▶ [EXERCISE GOAL]
Each line from the one holding "男宝宝中国风呢子外套过年衣服" to the last line below must be restated word for word, and no picture may be included.
▬▬▬▬▬▬▬▬▬▬
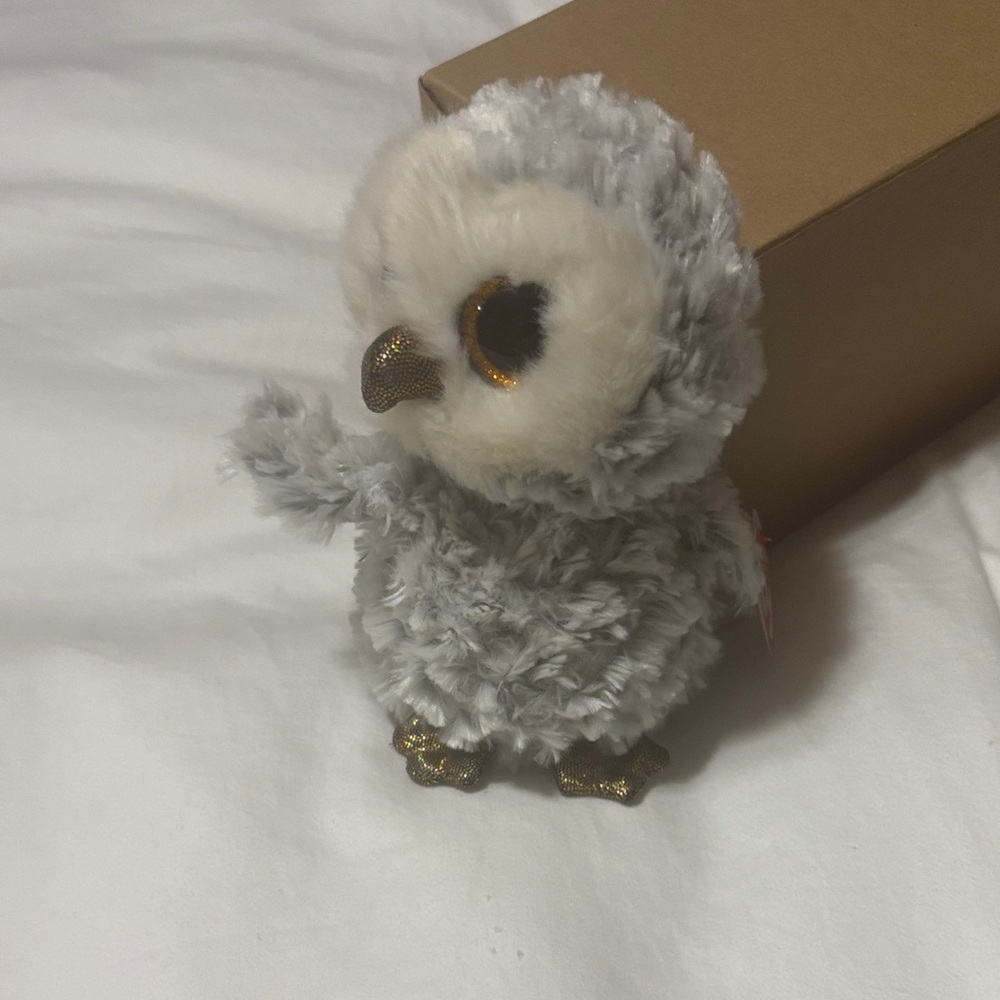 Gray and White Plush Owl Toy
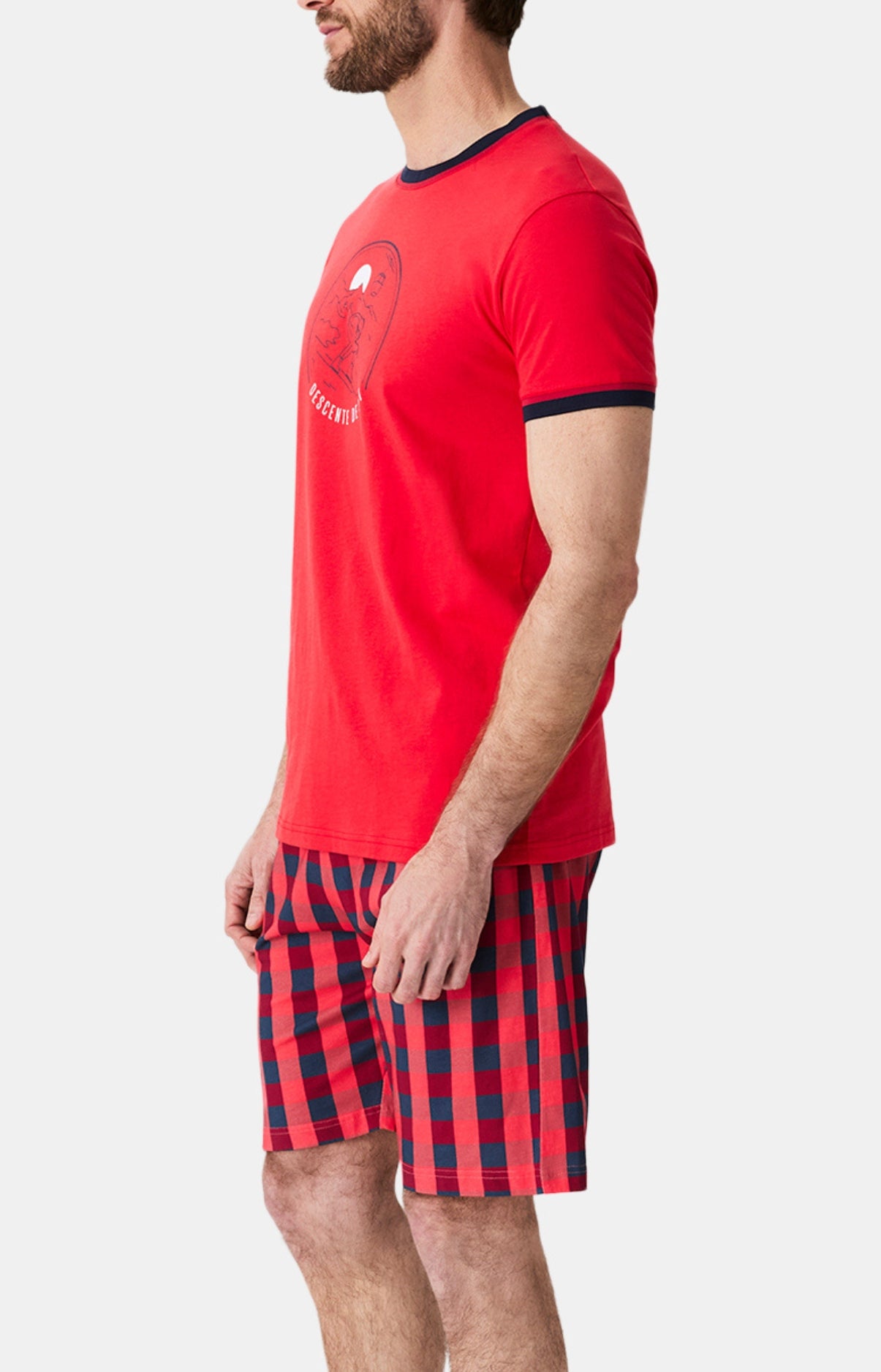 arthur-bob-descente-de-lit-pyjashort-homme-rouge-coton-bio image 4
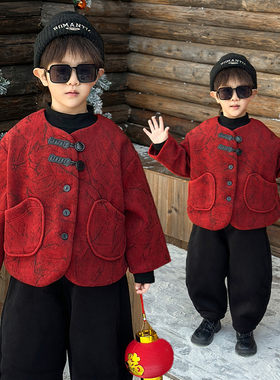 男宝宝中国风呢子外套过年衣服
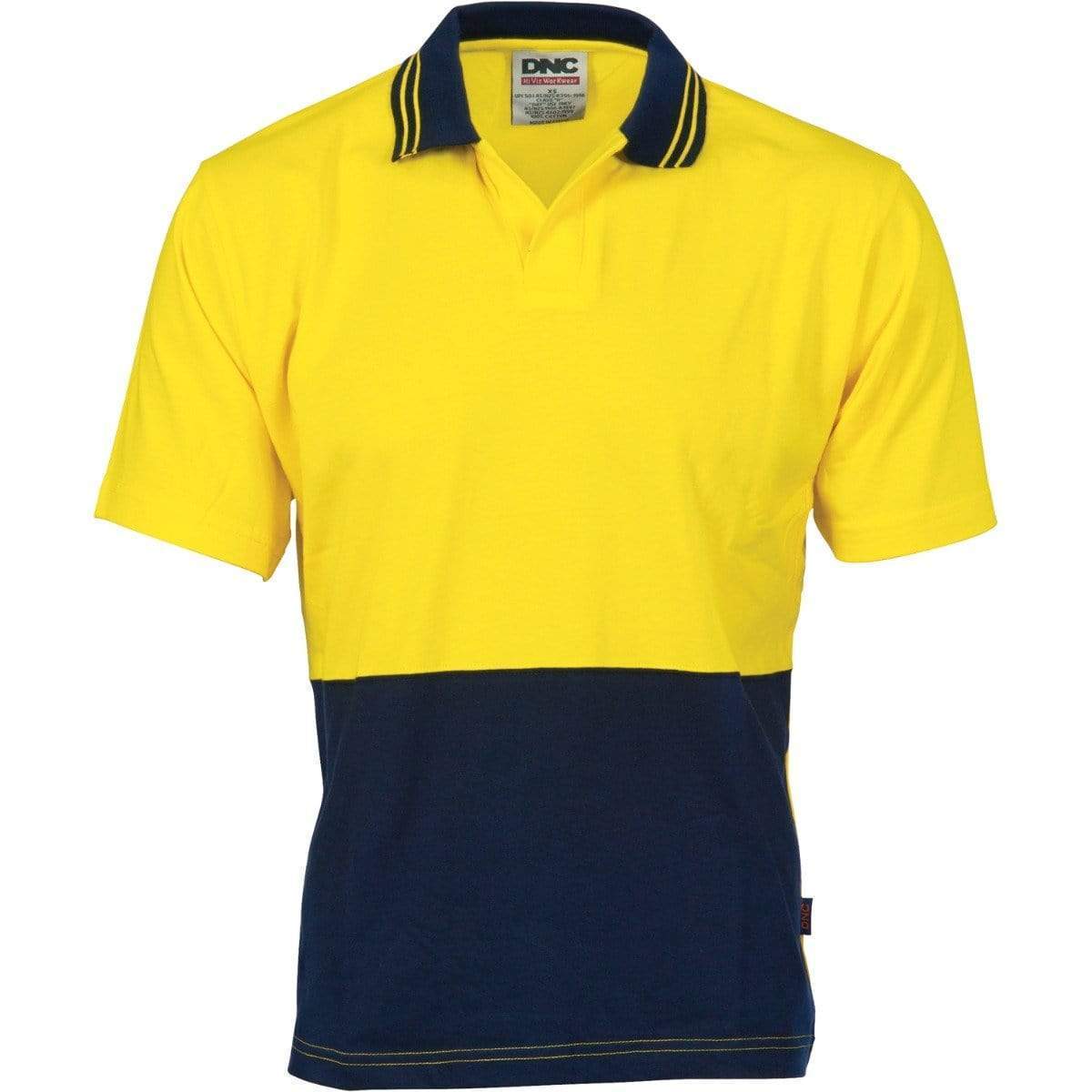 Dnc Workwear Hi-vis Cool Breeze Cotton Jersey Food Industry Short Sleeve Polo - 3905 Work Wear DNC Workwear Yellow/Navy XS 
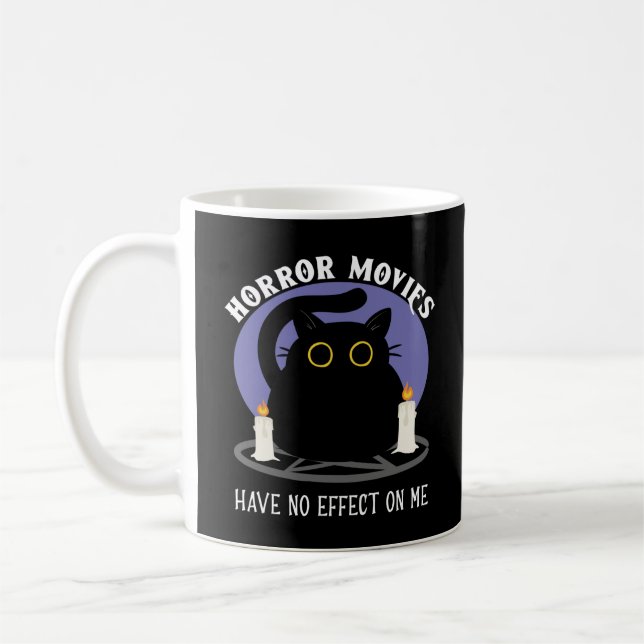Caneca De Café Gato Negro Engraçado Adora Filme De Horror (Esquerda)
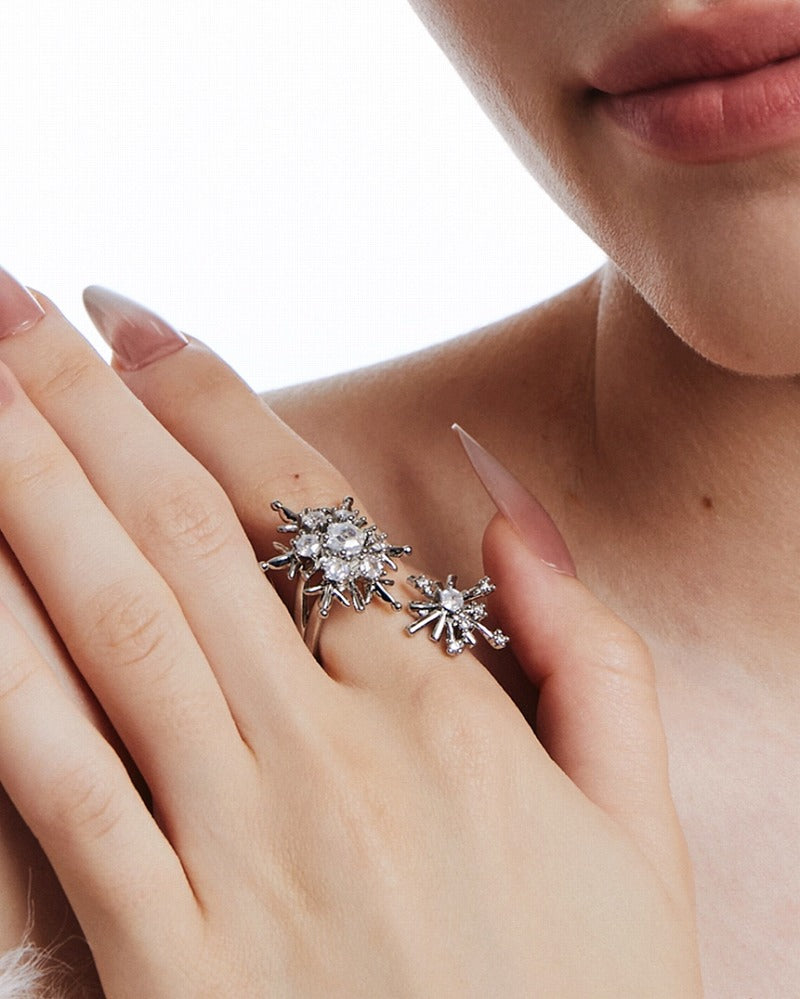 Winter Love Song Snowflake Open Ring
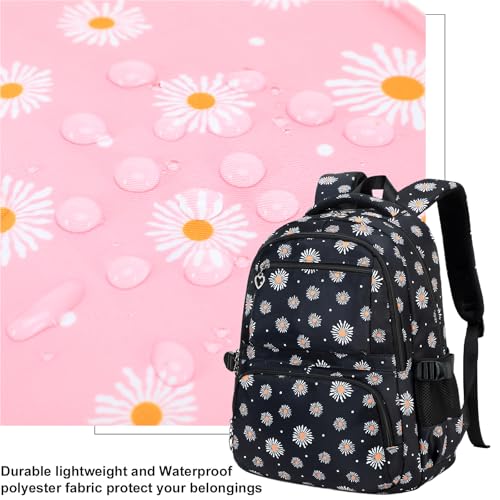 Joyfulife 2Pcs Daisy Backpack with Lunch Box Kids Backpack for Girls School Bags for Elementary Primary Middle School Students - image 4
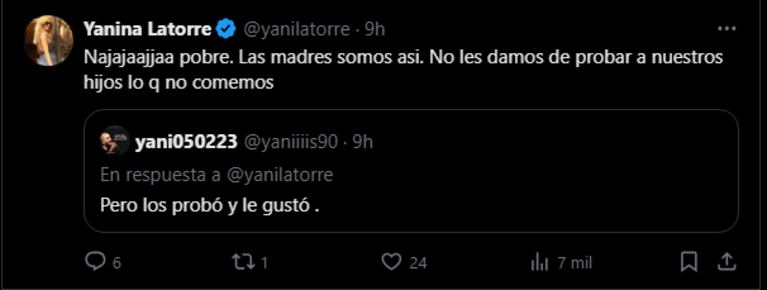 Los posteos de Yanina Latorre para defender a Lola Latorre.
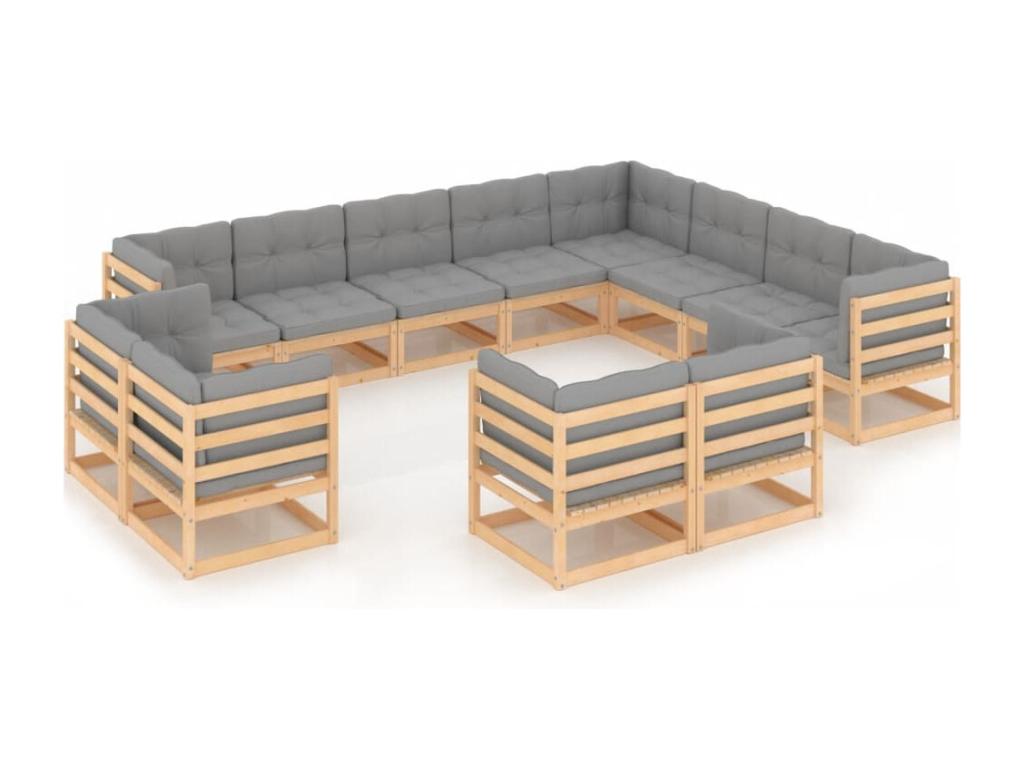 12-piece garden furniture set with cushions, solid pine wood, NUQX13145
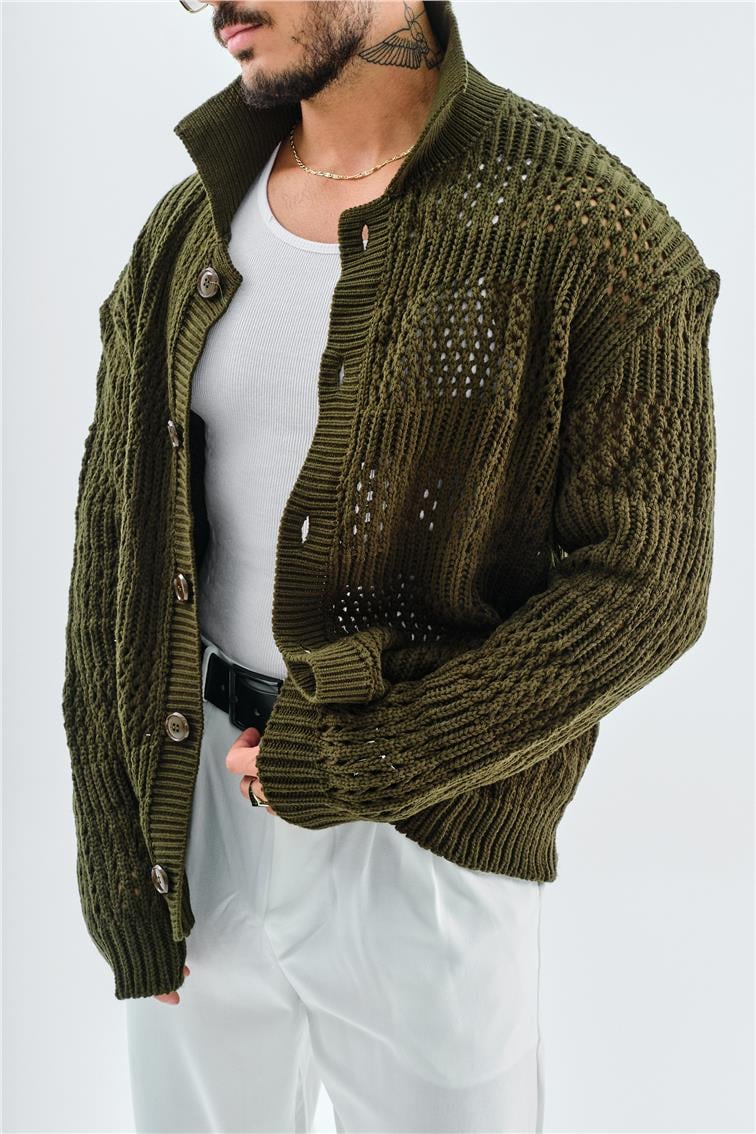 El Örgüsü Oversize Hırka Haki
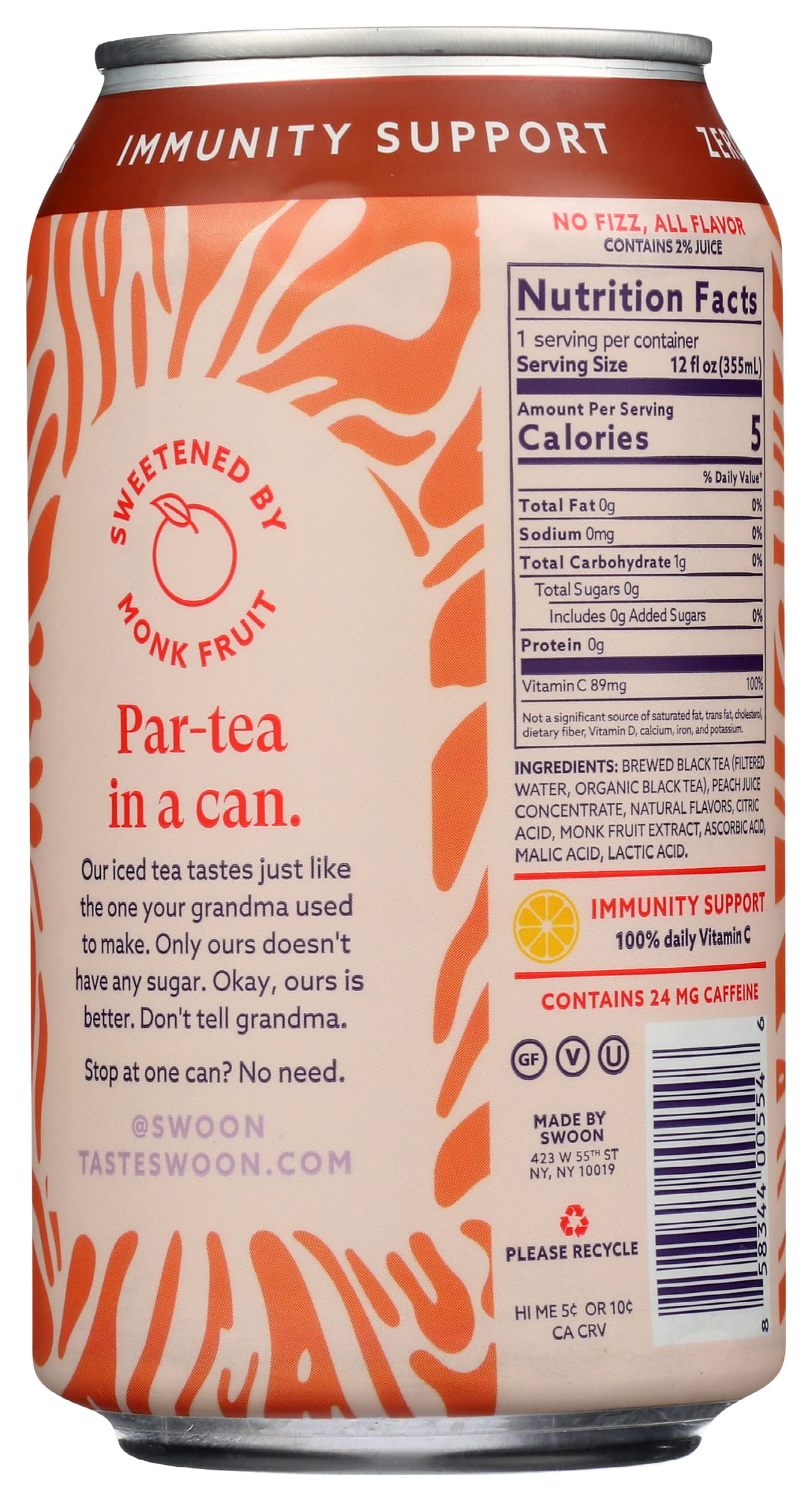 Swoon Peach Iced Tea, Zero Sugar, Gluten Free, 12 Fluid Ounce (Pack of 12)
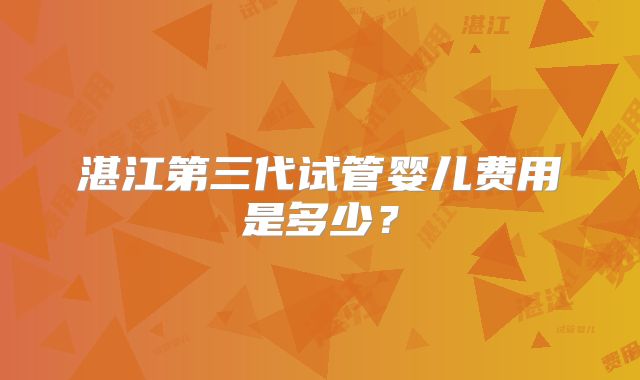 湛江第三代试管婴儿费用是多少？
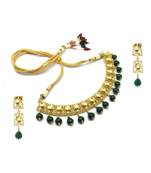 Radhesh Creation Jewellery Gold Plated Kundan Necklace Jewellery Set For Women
▬▬▬▬▬▬▬▬▬▬
▶ [ANSWER TO THIS TASK]
 男宝宝中国风呢子外套过年衣服
 Dnc Workwear Hi-vis Cool Breeze Cotton Jersey Food Industry Short Sleeve Polo - 3905 Work Wear DNC Workwear Yellow/Navy XS 
Caneca De Café Gato Negro Engraçado Adora Filme De Horror (Esquerda)
 Winter Love Song Snowflake Open Ring
 Joyfulife 2Pcs Daisy Backpack with Lunch Box Kids Backpack for Girls School Bags for Elementary Primary Middle School Students - image 4
 Los posteos de Yanina Latorre para defender a Lola Latorre.
 12-piece garden furniture set with cushions, solid pine wood, NUQX13145
 El Örgüsü Oversize Hırka Haki
 Swoon Peach Iced Tea, Zero Sugar, Gluten Free, 12 Fluid Ounce (Pack of 12)
 湛江第三代试管婴儿费用是多少？
 Radhesh Creation Jewellery Gold Plated Kundan Necklace Jewellery Set For Women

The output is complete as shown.